Tuesday, March 1, 2016

It's the Geopolitics, stupid!


By Denis G. Rancourt, PhD

Geopolitics determines domestic policy.
Geopolitics determines domestic policy.
Geopolitics determines domestic policy.

This is apparent in the client country "Canada", where no sovereignty is allowed, and where domestic policy is entirely about preventing any emergence of actual democracy.

It is glaringly obvious, to anyone who escapes the constant institutional social-engineering restrictions and blaring propaganda amplified by all the media, that US-led geopolitics determines every aspect of state management in Canada.

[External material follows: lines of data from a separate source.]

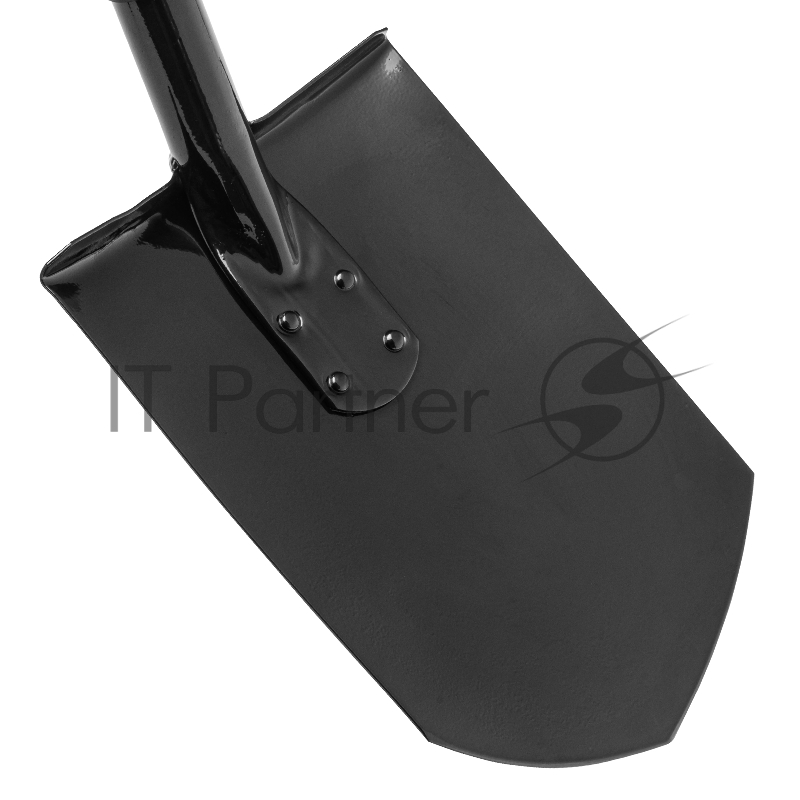 Лопата штыковая СИБРТЕХ укороченная, металлический черенок, 61614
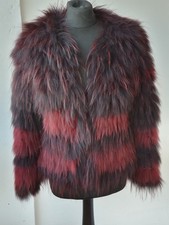 Neu Finn Raccoon Pelz Luisa Cerano Jacke 38 M echtfell wein rot schwarz Seefuchs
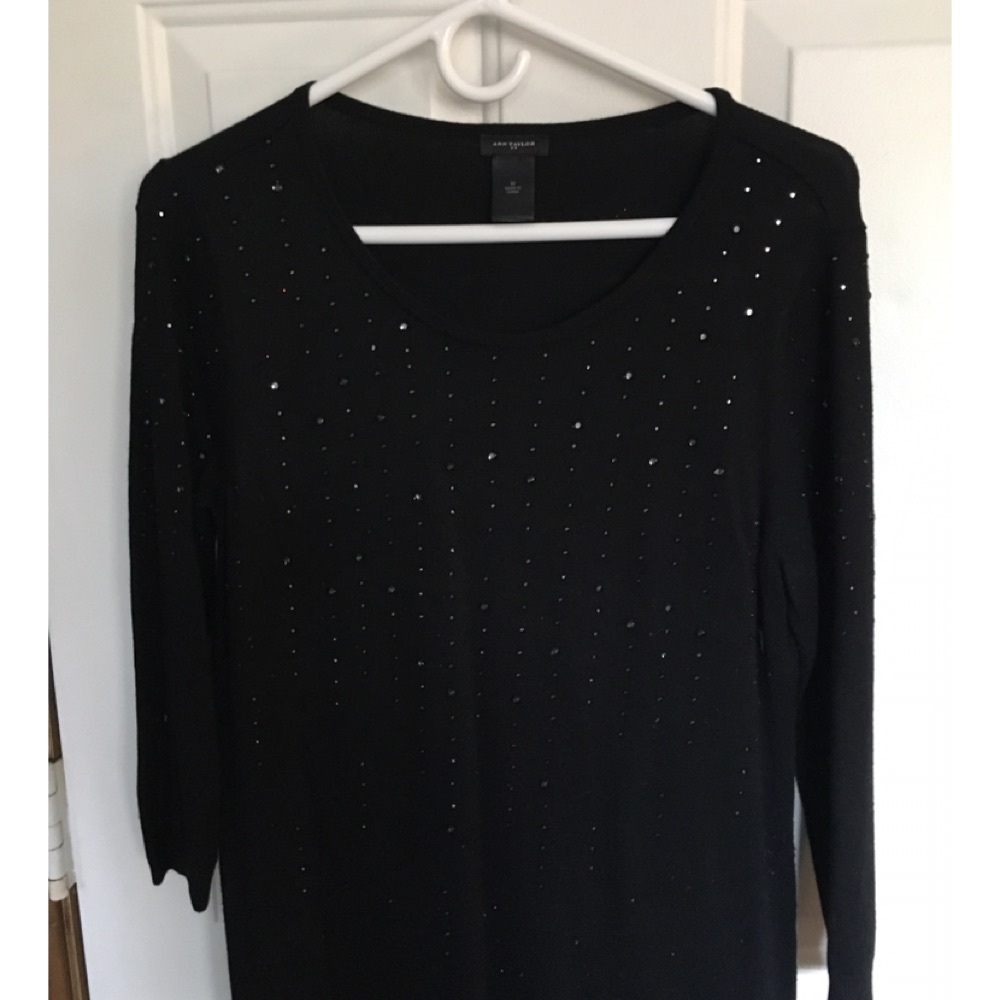 Ann Taylor Black Sweater Dress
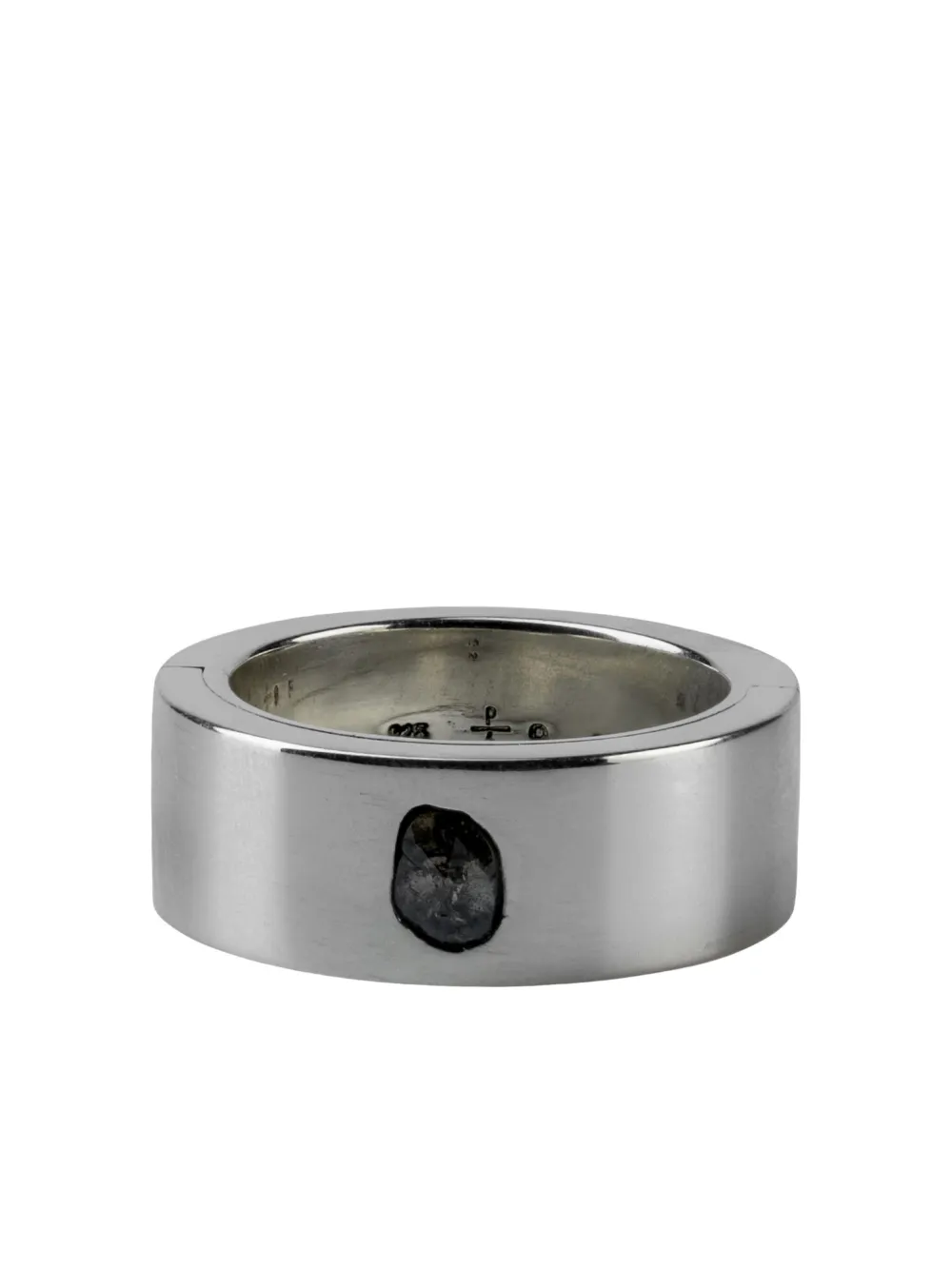 Parts of Four sterling silver Sistema diamond ring - Argento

That US-led geopolitics determines every aspect of state management in Canada is true in every area of state involvement:
  • regulation of politics
  • social policy
  • health policy
  • educational and student-debt policy
  • prison and police complex
  • domestic surveillance complex
  • slave banking and monetary policy
  • corporate tax and royalties policies
  • zero resistance against foreign takeovers
  • zero national policy for industrial-base development in all areas except the client arms industries and slave industries such as agri-food using proprietary seeds and chemicals
  • slave trade agreements designed to counter BRICS and boost US global corporations
  • implementation of carbon economic instruments
  • pipeline economics (versus domestic refinement and transformation) 
  • predatory global mining extraction (including on domestic territories)
  • arms industry preeminence
  • arms purchases
  • foreign policy and diplomatic campaigns
  • involvement in and diplomatic support for illegal direct and proxy wars of aggression

The "Conservative" and "Liberal" blocks are entirely aligned with the US "Republican" and "Democrat" blocks, to the point that it has become a cartoon, with pipelines swinging in different directions at the turn of elections, as easily as geopolitical directions.

Break diplomatic ties with Iran, remake diplomatic ties with Iran... etc.

The Canadian state, in the hands of the US governing complex, has given itself the task of gutting our minds and our political agency, in order to serve the US global campaigns, without the nuisance of popular domestic awareness or demands. This has been a long and continuing process, which accelerated in the 1980s, and became solidified by ever-increasing "globalization" agreements, and security "cooperation".

The truth is: there is no Canada. There is only an illusion maintained by servants. There are institutional remnants that would allow sovereignty to take hold, in a battle for the nation, but the intelligentsia and service managers have no interest in an independent and democratic nation on Canadian territory.

At this rate, eventually the majority of Canadians will experience something towards what the Aboriginals have experienced in Canada's genocide. Those who have had their families and lives destroyed by the "children's aid" and family court complex are already experiencing aboriginality at the hands of a vicious state system.

The corporate managers (including governments, which are corporations) already invest abroad, serve on the boards of multinationals, vacation in the US, accept tourist packages to Israel, send their kids to Harvard, and even occasionally try to import their facade party leaders from Harvard. The middle managers want a heated pool, vacation packages, big-screen entertainment, two cars, and a golden retirement.

All the others can fight among themselves, be institutionalized, and get fucked.